The Skin Horse had lived longer in the nursery than any of the others. He was so old that his brown coat was bald in patches and showed the seams underneath, and most of the hairs in his tail had been pulled out to string bead necklaces. He was wise, for he had seen a long succession of mechanical toys arrive to boast and swagger, and by-and-by break their mainsprings and pass away, and he knew that they were only toys, and would never turn into anything else. For nursery magic is very strange and wonderful, and only those playthings that are old and wise and experienced like the Skin Horse understand all about it.

"What is REAL?" asked the Rabbit one day, when they were lying side by side near the nursery fender, before Nana came to tidy the room. "Does it mean having things that buzz inside you and a stick-out handle?"

"Real isn't how you are made," said the Skin Horse. "It's a thing that happens to you. When a child loves you for a long, long time, not just to play with, but REALLY loves you, then you become Real."

"Does it hurt?" asked the Rabbit.

"Sometimes," said the Skin Horse, for he was always truthful. "When you are Real you don't mind being hurt."

"Does it happen all at once, like being wound up," he asked, "or bit by bit?"

"It doesn't happen all at once," said the Skin Horse. "You become. It takes a long time. That's why it doesn't happen often to people who break easily, or have sharp edges, or who have to be carefully kept. Generally, by the time you are Real, most of your hair has been loved off, and your eyes drop out and you get loose in the joints and very shabby. But these things don't matter at all, because once you are Real you can't be ugly, except to people who don't understand."

"I suppose you are real?" said the Rabbit. And then he wished he had not said it, for he thought the Skin Horse might be sensitive.
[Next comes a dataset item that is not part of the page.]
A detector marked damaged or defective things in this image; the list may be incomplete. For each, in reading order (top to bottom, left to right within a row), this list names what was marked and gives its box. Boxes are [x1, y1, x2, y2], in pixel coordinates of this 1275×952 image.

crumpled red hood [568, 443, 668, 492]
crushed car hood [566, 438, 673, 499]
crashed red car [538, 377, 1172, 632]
But the Skin Horse only smiled.

What news!

  • Facebook Page – Please remember to keep connected with this page.

  • The winter promotion will start in December, dates to be announced. A great opportunity to get 5 hourly 121 lessons for £260 or 10 for £500.
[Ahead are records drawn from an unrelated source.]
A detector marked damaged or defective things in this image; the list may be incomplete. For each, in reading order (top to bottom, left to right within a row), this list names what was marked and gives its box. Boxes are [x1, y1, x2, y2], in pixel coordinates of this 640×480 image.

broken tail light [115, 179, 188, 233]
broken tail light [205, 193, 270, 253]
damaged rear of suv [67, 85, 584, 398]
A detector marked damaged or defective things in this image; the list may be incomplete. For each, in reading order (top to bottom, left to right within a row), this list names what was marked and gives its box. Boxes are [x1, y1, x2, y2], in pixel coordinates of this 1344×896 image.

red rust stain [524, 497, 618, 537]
  • I’m back at the RSC working with the cast of Charles Dickens’ A Christmas Carol at the Royal in Stratford upon Avon.

  • At half term I was asked to lead a Voice and Text workshop on Romeo & Juliet and Troilus and Cressida for the Royal Shakespeare Company Education department.

  • Stagebox Management booms. I now coach a big group of child stars who perform regularly in West End musicals and in films.

  • It’s been another busy year this year with my freelance business becoming close to full up. Don’t worry I will always make time for you.

  • In the summer on a baking hot day I played Miss Appleyard in Miss Appleyard’s Awakening for the International Women’s Festival in conjunction with Prospect Players.

Tip of the month…

Read out loud! It may sound remarkably simple but reading aloud puts your voice in action. It’s good practice to release a word into space to see how it travels. Some texts are written to be delivered orally. It’s only then that you can appreciate and perhaps discover the rhythm, flow, melody and subtleties of the phrasing. When we speak a text we are exercising our voice. If you are brave enough to record yourself and play back then you may be able to hear how rich your voice could be. What we really want is to focus on the content that is being delivered, not the distractions of a hindered voice. Do you need to learn to love the sound of your voice? Release your voice, let the words reach us!